Last edited by darkfoon (2013-11-17 20:08:39)

schmidtbag · 2013-11-12 18:57:19

Try a live CD that contains a few of the programs you regularly run and see if that'll work overnight. Also, I'd highly recommend going memtest and a S.M.A.R.T. test. I'm thinking you've got a defective stick of RAM.

darkfoon · 2013-11-15 08:54:58

When you mentioned SMART test, I checked my logs for smartd, and I see a lot of these entries every so many hours

Nov 14 23:06:28 Server5 smartd[334]: Device: /dev/sda [SAT], SMART Prefailure Attribute: 1 Raw_Read_Error_Rate changed from 53 to 54
Nov 14 22:36:29 Server5 smartd[334]: Device: /dev/sda [SAT], SMART Usage Attribute: 195 Hardware_ECC_Recovered changed from 54 to 53
Nov 14 22:36:29 Server5 smartd[334]: Device: /dev/sda [SAT], SMART Usage Attribute: 194 Temperature_Celsius changed from 44 to 43

The error rates/recovered values keep going back and forth between 53 and 55 in 1 step increments.

I've turned off all the servers and just have F@H running with only 6 threads (half as many as usual). The disk IO is significantly reduced at this point. And it hasn't "crashed" once in 4 days now.
I'll run memtest for a day this weekend, but based on this so far, it looks to me like the hard disk drive is the problem.
Your thoughts?

Last edited by darkfoon (2013-11-15 09:06:53)

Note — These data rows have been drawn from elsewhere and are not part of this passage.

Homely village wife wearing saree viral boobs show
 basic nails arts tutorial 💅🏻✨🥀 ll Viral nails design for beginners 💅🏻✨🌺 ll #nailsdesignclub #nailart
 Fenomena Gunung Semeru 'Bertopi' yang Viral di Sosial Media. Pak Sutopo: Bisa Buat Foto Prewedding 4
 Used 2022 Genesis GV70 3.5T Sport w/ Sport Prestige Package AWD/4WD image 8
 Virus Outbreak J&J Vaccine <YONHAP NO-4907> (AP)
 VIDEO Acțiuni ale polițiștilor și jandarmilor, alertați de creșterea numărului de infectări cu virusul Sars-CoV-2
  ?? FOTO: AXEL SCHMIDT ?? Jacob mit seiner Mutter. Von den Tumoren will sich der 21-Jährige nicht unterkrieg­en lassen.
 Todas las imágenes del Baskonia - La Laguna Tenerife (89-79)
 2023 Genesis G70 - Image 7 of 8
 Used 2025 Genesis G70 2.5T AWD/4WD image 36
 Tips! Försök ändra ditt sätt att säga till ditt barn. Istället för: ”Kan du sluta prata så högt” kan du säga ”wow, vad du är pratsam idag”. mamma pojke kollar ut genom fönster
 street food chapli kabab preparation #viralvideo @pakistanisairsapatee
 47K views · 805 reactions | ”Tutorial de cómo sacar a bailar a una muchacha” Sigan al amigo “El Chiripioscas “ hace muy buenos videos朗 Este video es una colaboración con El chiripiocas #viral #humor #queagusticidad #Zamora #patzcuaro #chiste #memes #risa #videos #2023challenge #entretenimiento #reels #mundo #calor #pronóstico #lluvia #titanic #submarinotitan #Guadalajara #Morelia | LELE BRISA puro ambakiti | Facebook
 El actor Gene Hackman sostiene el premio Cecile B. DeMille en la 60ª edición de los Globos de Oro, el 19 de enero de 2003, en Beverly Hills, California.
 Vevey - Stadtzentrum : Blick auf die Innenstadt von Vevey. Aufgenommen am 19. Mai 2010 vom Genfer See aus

schmidtbag · 2013-11-15 14:14:33

I'm not sure if those errors are normal or not, or if they're even errors (last one doesn't seem to be). I don't know everything that smartd offers, but there's a tool called gsmartcontrol that can show you a table of diagnostics your particular drive has, along with the results that you currently have and the results you SHOULD have. It will highlight any diagnostic as pink if there's a potential issue, and anything red means you need to replace the drives *now*. You don't need to run any tests to view the tables. Below is a sample screenshot of what you DON'T want to see:
http://gsmartcontrol.berlios.de/home/im … ailing.png

Hard drives are tricky. Like anything mechanical, once they show signs of failure, their failure rate will multiply.

Last edited by schmidtbag (2013-11-15 14:15:09)

darkfoon · 2013-11-17 20:07:35

Ran a long SMART test and ran memtest86+ for over 10 hours and neither has produced any errors. the SMART diagnostic says that the drive is HEALTHY, and memtest found 0 errors.
I'm at a loss for the cause of this issue.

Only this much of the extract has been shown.